Diferentemente da perspectiva de autores que produziram seus trabalhos no fim dos anos 1970 sobre a classe trabalhadora de São Paulo (como os importantes trabalhos de Francisco Weffort e José Álvaro Moisés), posicionados no interior de um debate histórico polarizado pela nova redemocratização então em curso no país, Paulo Fontes está menos impregnado pelo ímpeto incontrolado do julgamento, e mais pela intenção de compreender, a partir de uma base direta e maior de informações dos próprios trabalhadores do período (assim como do aparelho repressivo do Estado), indisponíveis aos analistas dos anos 1970. Tal perspectiva ultrapassa a capa de princípios e de práticas políticas das direções partidárias, para entender os efeitos menos intencionais que aquela ação política tem sobre a associatividade dos trabalhadores. Isso se estende à compreensão do fenômeno da chamada política “populista” nos bairros de trabalhadores, menos pela etiqueta da anomia ou do desvio político (em relação a uma política transparente de representação de interesses de classe tida implicitamente como norma), mas por uma antropologia da política efetivamente praticada nas relações de reciprocidade (desigual) entre políticos e representados (com as visitas dos políticos e suas esposas à casa dos trabalhadores, com as particularidades dos seus comícios etc.). Também nesse caso, a escolha da análise histórico-etnográfica a partir do caso, um bairro estratégico (e não do fenômeno geral, mais abstrato), tem a sua importância, fazendo o livro contribuir para uma melhor compreensão da dinâmica do ademarismo e do janismo nos bairros de trabalhadores em São Paulo (assim como suas relações com quadros egressos do partido comunista clandestino).

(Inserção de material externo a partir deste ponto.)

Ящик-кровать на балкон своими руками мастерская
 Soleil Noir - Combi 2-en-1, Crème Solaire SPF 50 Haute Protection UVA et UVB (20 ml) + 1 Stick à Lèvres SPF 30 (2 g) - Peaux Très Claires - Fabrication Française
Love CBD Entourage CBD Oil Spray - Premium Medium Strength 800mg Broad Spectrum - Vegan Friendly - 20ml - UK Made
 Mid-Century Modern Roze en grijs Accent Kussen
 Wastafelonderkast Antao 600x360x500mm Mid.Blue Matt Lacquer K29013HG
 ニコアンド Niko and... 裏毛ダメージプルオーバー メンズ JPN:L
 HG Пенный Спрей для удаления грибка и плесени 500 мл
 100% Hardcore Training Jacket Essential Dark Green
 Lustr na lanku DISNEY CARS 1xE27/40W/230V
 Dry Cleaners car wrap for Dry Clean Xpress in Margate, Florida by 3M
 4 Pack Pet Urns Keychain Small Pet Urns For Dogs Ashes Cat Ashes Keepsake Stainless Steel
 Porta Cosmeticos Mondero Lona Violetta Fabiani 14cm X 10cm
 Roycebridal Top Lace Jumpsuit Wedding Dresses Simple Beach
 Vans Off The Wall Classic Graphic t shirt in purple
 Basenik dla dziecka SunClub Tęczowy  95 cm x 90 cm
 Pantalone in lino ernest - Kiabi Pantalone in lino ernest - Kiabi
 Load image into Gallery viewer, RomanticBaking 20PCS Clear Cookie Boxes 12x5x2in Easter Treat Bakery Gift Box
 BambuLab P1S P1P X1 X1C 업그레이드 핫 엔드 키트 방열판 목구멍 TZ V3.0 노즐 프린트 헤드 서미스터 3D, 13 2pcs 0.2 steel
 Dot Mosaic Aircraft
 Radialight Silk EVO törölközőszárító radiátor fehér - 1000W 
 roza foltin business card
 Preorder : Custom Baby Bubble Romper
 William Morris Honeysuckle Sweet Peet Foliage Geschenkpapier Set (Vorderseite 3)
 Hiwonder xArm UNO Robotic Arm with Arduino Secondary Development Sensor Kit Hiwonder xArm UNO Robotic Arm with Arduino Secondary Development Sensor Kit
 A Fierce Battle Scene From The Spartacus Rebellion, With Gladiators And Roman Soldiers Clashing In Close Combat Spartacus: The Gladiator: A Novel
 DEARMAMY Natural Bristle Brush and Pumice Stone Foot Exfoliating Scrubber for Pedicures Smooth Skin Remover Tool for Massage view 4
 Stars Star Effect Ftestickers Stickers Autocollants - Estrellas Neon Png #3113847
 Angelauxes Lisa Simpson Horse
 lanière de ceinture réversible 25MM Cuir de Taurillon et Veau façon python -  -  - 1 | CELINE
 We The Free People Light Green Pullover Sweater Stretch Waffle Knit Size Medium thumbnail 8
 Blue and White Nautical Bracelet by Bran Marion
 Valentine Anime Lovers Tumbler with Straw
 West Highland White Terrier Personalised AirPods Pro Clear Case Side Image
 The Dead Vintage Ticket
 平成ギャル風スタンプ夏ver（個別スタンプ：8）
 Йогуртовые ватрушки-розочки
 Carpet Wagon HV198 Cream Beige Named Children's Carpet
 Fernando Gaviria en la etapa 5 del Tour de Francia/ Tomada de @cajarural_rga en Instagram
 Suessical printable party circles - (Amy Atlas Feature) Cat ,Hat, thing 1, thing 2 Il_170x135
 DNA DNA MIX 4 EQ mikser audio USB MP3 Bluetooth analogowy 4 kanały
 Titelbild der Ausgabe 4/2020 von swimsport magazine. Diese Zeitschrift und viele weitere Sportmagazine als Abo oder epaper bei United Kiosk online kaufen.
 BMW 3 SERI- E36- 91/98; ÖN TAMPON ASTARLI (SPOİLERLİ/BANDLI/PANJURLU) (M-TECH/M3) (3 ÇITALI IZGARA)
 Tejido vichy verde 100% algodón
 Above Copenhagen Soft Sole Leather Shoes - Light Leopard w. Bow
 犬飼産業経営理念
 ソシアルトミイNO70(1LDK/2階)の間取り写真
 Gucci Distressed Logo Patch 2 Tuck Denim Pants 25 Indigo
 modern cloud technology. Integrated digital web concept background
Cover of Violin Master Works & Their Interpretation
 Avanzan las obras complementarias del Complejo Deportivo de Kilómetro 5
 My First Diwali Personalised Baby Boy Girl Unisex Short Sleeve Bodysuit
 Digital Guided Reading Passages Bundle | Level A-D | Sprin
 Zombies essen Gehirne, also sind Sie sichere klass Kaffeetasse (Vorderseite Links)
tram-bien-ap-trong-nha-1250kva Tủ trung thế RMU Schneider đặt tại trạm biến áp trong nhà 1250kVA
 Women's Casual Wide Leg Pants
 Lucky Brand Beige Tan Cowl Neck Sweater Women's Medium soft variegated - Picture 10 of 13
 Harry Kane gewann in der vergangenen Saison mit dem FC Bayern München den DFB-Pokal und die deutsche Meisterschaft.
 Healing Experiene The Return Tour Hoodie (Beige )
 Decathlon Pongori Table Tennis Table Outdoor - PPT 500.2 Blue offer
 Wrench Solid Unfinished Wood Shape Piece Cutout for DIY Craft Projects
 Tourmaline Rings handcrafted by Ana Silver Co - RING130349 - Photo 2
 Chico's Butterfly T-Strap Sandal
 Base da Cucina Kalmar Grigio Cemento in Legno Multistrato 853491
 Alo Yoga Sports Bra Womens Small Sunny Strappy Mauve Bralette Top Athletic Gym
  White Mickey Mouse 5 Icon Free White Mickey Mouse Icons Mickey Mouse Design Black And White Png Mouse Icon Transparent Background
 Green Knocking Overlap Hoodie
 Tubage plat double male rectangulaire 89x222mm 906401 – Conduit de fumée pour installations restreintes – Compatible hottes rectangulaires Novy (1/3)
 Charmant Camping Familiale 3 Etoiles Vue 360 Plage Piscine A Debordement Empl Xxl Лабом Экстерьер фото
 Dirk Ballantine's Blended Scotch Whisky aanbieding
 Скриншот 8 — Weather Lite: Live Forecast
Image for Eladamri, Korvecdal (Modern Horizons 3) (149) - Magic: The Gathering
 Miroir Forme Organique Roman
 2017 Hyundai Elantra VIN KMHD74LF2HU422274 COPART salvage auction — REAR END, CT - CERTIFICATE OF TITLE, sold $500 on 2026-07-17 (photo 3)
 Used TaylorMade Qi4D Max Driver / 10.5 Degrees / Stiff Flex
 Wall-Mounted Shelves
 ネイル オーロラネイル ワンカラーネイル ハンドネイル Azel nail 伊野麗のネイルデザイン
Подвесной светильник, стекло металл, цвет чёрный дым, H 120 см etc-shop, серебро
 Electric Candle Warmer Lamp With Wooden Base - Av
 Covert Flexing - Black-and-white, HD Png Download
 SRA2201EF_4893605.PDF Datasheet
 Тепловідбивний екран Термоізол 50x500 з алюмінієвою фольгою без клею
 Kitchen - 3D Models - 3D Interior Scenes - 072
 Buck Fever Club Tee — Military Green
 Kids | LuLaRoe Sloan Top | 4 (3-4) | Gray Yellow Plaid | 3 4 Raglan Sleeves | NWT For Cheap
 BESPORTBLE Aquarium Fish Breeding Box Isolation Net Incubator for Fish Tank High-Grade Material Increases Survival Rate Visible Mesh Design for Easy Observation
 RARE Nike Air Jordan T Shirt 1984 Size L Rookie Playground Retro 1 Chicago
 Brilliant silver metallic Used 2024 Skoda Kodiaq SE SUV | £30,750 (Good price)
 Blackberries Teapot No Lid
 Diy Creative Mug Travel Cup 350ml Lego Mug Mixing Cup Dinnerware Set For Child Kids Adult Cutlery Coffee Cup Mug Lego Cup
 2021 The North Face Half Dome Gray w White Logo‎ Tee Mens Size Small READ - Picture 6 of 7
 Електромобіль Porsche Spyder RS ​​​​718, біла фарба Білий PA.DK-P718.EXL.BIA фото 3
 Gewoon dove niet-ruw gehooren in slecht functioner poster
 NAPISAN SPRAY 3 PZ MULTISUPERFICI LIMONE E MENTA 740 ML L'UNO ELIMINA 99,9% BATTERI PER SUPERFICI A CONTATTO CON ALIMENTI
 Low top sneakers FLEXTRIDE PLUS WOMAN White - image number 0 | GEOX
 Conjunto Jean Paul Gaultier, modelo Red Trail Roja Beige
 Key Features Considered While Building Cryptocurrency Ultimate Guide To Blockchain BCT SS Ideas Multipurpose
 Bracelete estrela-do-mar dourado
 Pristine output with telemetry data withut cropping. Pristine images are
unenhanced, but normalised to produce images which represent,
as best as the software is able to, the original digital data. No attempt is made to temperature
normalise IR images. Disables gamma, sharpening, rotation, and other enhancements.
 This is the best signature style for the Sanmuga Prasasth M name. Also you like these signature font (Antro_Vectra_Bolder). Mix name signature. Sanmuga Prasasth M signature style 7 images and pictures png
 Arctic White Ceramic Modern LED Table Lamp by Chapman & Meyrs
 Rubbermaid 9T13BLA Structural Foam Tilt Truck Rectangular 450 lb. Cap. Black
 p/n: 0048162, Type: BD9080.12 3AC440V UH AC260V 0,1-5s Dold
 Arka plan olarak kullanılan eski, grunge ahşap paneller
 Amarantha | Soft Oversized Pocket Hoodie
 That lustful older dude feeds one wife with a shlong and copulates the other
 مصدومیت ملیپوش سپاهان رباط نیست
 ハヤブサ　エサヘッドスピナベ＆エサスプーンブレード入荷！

O capítulo final, “Trabalhadores e o bairro” é ao mesmo tempo um capítulo de clímax dos movimentos sociais e um capítulo de síntese de múltiplas determinações, que reincorpora os diversos elementos analisados em capítulos precedentes para dar conta do desfecho na metade dos anos 1960. Aqui o autor analisa o movimento das Sociedades de Amigos do Bairro, assim como três tentativas de autonomização do distrito em novo município, independente de São Paulo. A empresa Nitro aparece novamente, seu poder político sobre o bairro sendo alvo dos movimentos de autonomização (autonomia não só em relação a São Paulo, mas em oposição à Nitro). Isso se completa com a análise do que precede localmente o golpe de 1964, da crise da Nitro Química e das demissões de 1966, abalando definitivamente o caráter monoindustrial do bairro.12

Um Nordeste em São Paulo é assim um livro síntese de um novo padrão de análise, no sentido de que contém em si próprio as contribuições de gerações anteriores apropriadas e transformadas, e ao mesmo tempo o ímpeto das novas gerações de historiadores e cientistas sociais investindo no desvendamento da história social e cultural das classes trabalhadoras ou das relações que entretêm com outras classes e grupos sociais, não só nos grandes eventos, mas também no seu cotidiano.13 O livro traz assim novas contribuições para a história social das classes populares, com o trabalho perspicaz sobre fontes as mais diversas, colocando em novos termos os temas cruciais de décadas passadas sobre os operários de origem rural e sobre a grande migração de nordestinos para São Paulo.